Last week there were two seemingly unrelated events that weren’t so unrelated. One was the Trumpster’s grant to himself of emergency powers to build an unnecessary wall because of a non-existence crisis. The other was the drama of Amazon’s broken engagement with it’s New York City lover. So, what could these two things possibly have in common? It’s this: they are both distortions of who is supposed to make the rules.
We were certainly taught a lot of crap in school about how our legal system works. But, one thing was true – that Congress is supposed to make the rules. We call those rules, “laws.” Trump’s emergency declaration is an attempt to ignore that fundamental principal. The hell with Congress. They didn’t give him what he wanted so he’ll make a different rule and do what he wanted to do all along.
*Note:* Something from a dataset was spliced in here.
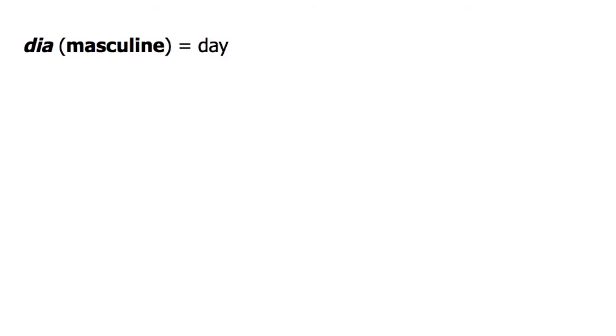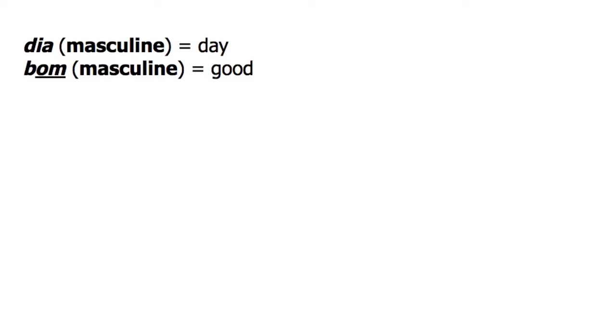Dia is a masculine word, meaning day, and therefore requires bom, the masculine form of the word good.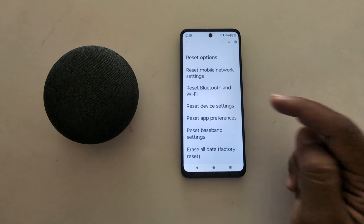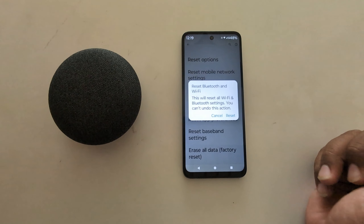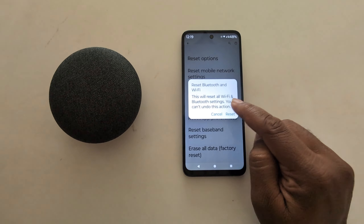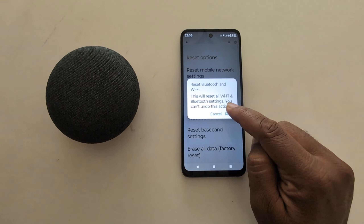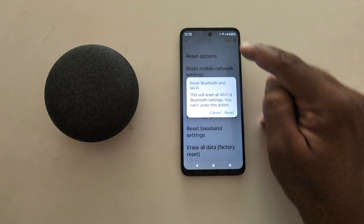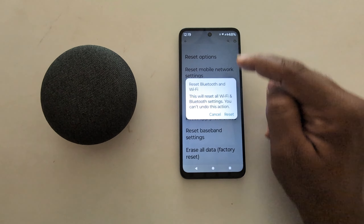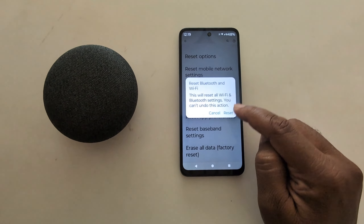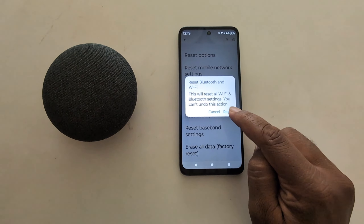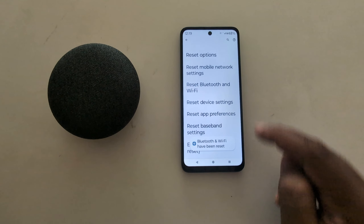Now go back. Tap on Reset Bluetooth and Wi-Fi options. It will reset all Wi-Fi and Bluetooth settings on your device. Here you can see the connected Wi-Fi network. When we tap on reset, it will remove the Wi-Fi network from your device.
Yes, Presidents have the authority to declare emergencies. Call me crazy, though, but I thought that kind of thing required an actual emergency. Trump now wants to pervert that process (and I say “pervert” intentionally). He wants to be the one to make the rules. The guys who wrote the Constitution would be holding their corsets in side splitting laughter over that idea. Yet, down that road we go.
And now Amazon. As between the private and public sectors, who is supposed to make the rules? Government, right? We may not always like those rules, but we can change the government. We can’t change the Amazon Board of Directors. Well, Amazon apparently doesn’t agree with that process. It is going to build a new headquarters so it demanded the rules it wanted in order to bless a city with it’s presence. New York was awarded the rose. A deal was made. But, then came trouble in paradise. New York’s legs were not opened quite wide enough for Amazon’s liking. So, Amazon welched and it will now take it’s extortion act elsewhere.
Now, look, I well recognize importance of economic development. It is essential. But, there is a way to do it. That way is for developers and government to work together. It is not for the richest man in the world who heads one of the richest companies in the world – one that paid no federal taxes last year – to dictate to government what the rules of that development have to be.
The private sector – unelected and unresponsive to the people – is not so quietly taking over. Need I mention Citizens United and all of the mischief that it has caused? The Amazon drama is an example of how far that distortion of our system has now gone.
Orange Crush says that we are confronting an invasion. He’s right, but he’s got the invaders wrong. We are being challenged not by processions of poor people looking for a better life in a fairer country. Instead, we are being challenged by a band of billionaires looking for even more billions in a country they own.
I guess the Orange Troll never watched “Mr. Rodger’s Neighborhood.” All of the necessary tools for being a person were taught in half hour segments. They were simple but valuable and he just doesn’t get it! Maybe in his next life, he’ll return as a persecuted immigrant, only to find that he is walled out of a country when he desperately needs asylum and human kindness.